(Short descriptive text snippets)
*** Begin section ***
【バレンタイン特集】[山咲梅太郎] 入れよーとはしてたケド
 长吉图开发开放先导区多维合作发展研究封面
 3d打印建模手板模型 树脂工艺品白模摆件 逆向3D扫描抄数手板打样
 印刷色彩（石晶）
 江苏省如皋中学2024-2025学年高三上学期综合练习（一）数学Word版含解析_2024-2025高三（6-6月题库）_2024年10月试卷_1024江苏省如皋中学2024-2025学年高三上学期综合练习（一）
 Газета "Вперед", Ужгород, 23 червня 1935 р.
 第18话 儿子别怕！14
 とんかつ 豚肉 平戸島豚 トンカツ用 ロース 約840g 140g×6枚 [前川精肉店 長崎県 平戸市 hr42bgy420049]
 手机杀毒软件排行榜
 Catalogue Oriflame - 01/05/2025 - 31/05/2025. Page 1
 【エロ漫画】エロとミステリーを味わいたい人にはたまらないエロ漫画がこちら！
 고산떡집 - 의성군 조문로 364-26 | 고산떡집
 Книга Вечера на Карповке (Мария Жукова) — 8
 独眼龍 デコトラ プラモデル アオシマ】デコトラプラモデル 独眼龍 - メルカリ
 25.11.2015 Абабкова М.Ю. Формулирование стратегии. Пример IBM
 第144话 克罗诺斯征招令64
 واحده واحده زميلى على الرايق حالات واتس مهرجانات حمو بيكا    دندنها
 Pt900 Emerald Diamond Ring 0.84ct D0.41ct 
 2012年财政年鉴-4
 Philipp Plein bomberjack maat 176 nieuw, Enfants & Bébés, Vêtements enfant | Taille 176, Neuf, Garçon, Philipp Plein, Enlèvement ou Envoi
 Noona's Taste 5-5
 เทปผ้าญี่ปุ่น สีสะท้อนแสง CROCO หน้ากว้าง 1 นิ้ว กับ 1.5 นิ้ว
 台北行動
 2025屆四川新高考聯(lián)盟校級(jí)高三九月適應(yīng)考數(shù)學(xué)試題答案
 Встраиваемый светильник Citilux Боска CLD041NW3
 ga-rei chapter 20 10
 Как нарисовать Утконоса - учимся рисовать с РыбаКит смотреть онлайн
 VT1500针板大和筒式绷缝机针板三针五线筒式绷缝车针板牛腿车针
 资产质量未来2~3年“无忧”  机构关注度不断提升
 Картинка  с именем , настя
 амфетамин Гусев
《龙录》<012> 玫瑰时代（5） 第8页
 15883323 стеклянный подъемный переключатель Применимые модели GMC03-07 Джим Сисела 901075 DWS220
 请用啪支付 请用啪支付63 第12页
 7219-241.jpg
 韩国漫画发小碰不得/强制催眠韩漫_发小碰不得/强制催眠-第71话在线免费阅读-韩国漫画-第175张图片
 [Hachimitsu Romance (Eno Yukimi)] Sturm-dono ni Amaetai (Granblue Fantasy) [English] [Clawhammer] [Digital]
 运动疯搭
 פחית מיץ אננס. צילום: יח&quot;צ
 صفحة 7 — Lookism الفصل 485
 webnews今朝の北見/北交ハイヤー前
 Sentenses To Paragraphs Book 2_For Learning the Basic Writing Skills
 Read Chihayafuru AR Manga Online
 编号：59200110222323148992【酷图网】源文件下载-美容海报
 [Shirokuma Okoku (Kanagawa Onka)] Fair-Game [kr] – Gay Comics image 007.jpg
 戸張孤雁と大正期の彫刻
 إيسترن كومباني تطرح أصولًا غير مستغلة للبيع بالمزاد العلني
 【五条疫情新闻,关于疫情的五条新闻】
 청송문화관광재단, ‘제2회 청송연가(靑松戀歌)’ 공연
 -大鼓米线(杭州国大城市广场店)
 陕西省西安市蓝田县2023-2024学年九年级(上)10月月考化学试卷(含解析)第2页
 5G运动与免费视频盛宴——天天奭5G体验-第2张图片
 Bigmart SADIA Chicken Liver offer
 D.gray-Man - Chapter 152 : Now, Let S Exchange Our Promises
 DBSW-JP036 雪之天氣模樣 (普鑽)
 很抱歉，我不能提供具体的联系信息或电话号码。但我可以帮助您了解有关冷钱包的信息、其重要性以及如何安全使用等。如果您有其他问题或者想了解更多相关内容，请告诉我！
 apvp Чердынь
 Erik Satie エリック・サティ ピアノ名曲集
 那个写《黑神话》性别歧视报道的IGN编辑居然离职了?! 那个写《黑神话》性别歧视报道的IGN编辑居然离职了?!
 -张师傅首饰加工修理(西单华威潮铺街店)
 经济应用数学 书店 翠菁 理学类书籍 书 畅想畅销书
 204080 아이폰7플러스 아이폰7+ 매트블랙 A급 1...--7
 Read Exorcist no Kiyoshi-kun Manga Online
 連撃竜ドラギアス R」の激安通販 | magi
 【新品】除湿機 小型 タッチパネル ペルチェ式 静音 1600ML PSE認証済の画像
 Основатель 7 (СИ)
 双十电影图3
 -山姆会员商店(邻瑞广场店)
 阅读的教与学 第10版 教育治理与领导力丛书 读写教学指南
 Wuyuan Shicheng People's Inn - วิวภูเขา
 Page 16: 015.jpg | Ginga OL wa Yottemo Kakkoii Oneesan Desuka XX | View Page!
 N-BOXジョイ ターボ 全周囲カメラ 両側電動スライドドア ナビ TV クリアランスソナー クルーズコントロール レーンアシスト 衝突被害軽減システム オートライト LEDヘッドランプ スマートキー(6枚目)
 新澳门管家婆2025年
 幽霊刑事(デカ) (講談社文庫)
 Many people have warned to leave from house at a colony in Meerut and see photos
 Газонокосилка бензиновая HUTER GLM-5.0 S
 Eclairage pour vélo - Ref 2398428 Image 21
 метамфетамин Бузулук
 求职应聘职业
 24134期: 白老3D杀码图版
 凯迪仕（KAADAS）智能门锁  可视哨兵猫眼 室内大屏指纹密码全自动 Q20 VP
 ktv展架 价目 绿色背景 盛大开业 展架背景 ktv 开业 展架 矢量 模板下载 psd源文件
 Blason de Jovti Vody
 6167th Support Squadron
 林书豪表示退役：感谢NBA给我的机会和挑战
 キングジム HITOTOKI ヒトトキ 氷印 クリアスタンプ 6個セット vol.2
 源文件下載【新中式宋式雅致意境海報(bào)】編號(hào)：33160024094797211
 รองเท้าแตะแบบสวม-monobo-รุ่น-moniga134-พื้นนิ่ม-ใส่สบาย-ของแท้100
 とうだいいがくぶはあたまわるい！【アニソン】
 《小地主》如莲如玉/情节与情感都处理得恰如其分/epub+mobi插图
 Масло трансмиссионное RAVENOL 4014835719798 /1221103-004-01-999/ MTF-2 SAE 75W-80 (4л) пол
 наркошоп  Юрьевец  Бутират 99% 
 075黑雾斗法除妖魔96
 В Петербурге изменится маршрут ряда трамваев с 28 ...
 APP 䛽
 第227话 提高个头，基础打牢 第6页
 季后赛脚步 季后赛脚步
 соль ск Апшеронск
*** End section ***
- [Task statement] All lines from the one that holds "-大鼓米线(杭州国大城市广场店)" through the end of the records are to be returned exactly, including both boundary lines, and no others.

- [Completed task]
 -大鼓米线(杭州国大城市广场店)
 陕西省西安市蓝田县2023-2024学年九年级(上)10月月考化学试卷(含解析)第2页
 5G运动与免费视频盛宴——天天奭5G体验-第2张图片
 Bigmart SADIA Chicken Liver offer
 D.gray-Man - Chapter 152 : Now, Let S Exchange Our Promises
 DBSW-JP036 雪之天氣模樣 (普鑽)
 很抱歉，我不能提供具体的联系信息或电话号码。但我可以帮助您了解有关冷钱包的信息、其重要性以及如何安全使用等。如果您有其他问题或者想了解更多相关内容，请告诉我！
 apvp Чердынь
 Erik Satie エリック・サティ ピアノ名曲集
 那个写《黑神话》性别歧视报道的IGN编辑居然离职了?! 那个写《黑神话》性别歧视报道的IGN编辑居然离职了?!
 -张师傅首饰加工修理(西单华威潮铺街店)
 经济应用数学 书店 翠菁 理学类书籍 书 畅想畅销书
 204080 아이폰7플러스 아이폰7+ 매트블랙 A급 1...--7
 Read Exorcist no Kiyoshi-kun Manga Online
 連撃竜ドラギアス R」の激安通販 | magi
 【新品】除湿機 小型 タッチパネル ペルチェ式 静音 1600ML PSE認証済の画像
 Основатель 7 (СИ)
 双十电影图3
 -山姆会员商店(邻瑞广场店)
 阅读的教与学 第10版 教育治理与领导力丛书 读写教学指南
 Wuyuan Shicheng People's Inn - วิวภูเขา
 Page 16: 015.jpg | Ginga OL wa Yottemo Kakkoii Oneesan Desuka XX | View Page!
 N-BOXジョイ ターボ 全周囲カメラ 両側電動スライドドア ナビ TV クリアランスソナー クルーズコントロール レーンアシスト 衝突被害軽減システム オートライト LEDヘッドランプ スマートキー(6枚目)
 新澳门管家婆2025年
 幽霊刑事(デカ) (講談社文庫)
 Many people have warned to leave from house at a colony in Meerut and see photos
 Газонокосилка бензиновая HUTER GLM-5.0 S
 Eclairage pour vélo - Ref 2398428 Image 21
 метамфетамин Бузулук
 求职应聘职业
 24134期: 白老3D杀码图版
 凯迪仕（KAADAS）智能门锁  可视哨兵猫眼 室内大屏指纹密码全自动 Q20 VP
 ktv展架 价目 绿色背景 盛大开业 展架背景 ktv 开业 展架 矢量 模板下载 psd源文件
 Blason de Jovti Vody
 6167th Support Squadron
 林书豪表示退役：感谢NBA给我的机会和挑战
 キングジム HITOTOKI ヒトトキ 氷印 クリアスタンプ 6個セット vol.2
 源文件下載【新中式宋式雅致意境海報(bào)】編號(hào)：33160024094797211
 รองเท้าแตะแบบสวม-monobo-รุ่น-moniga134-พื้นนิ่ม-ใส่สบาย-ของแท้100
 とうだいいがくぶはあたまわるい！【アニソン】
 《小地主》如莲如玉/情节与情感都处理得恰如其分/epub+mobi插图
 Масло трансмиссионное RAVENOL 4014835719798 /1221103-004-01-999/ MTF-2 SAE 75W-80 (4л) пол
 наркошоп  Юрьевец  Бутират 99% 
 075黑雾斗法除妖魔96
 В Петербурге изменится маршрут ряда трамваев с 28 ...
 APP 䛽
 第227话 提高个头，基础打牢 第6页
 季后赛脚步 季后赛脚步
 соль ск Апшеронск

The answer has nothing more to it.